__Task to carry out__.
What is needed is an exact copy of the data below, pictures excluded.

__Captioned web images__.
- Opening Delimiter -

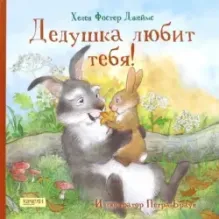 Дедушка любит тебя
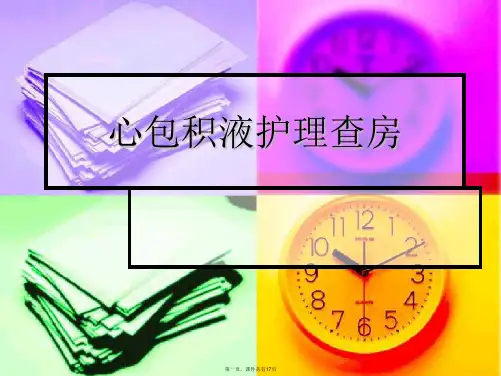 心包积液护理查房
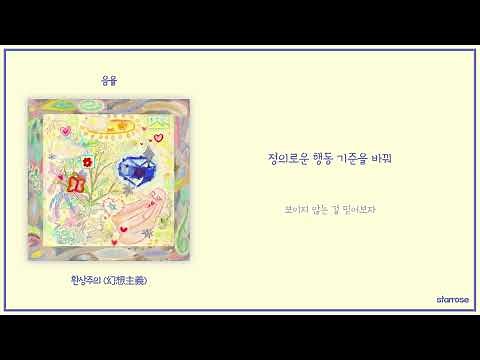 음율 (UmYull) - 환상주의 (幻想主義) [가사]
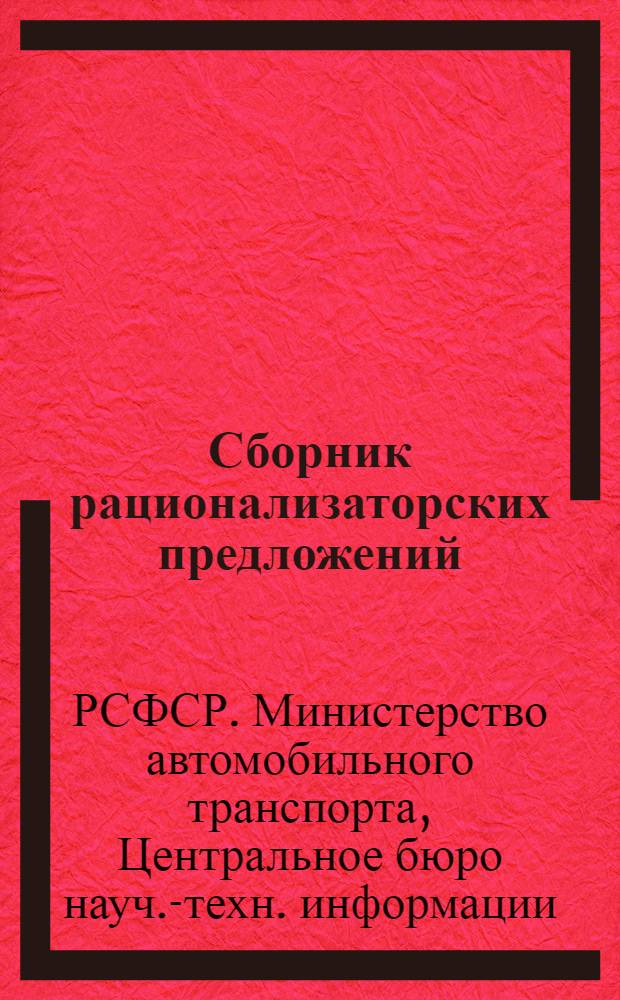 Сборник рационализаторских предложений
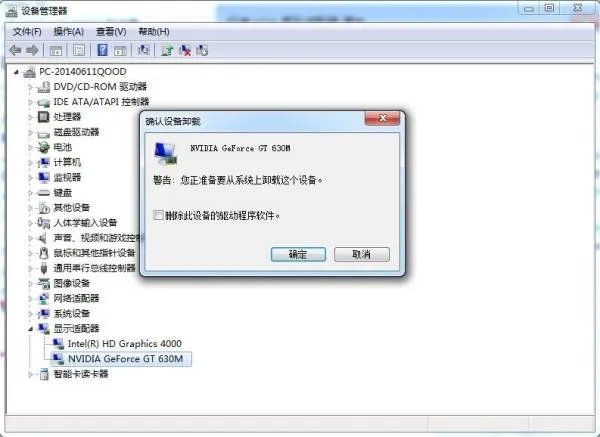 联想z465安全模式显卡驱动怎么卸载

- Closing Delimiter -

__Your response__.
 Дедушка любит тебя
 心包积液护理查房
 음율 (UmYull) - 환상주의 (幻想主義) [가사]
 Сборник рационализаторских предложений
 联想z465安全模式显卡驱动怎么卸载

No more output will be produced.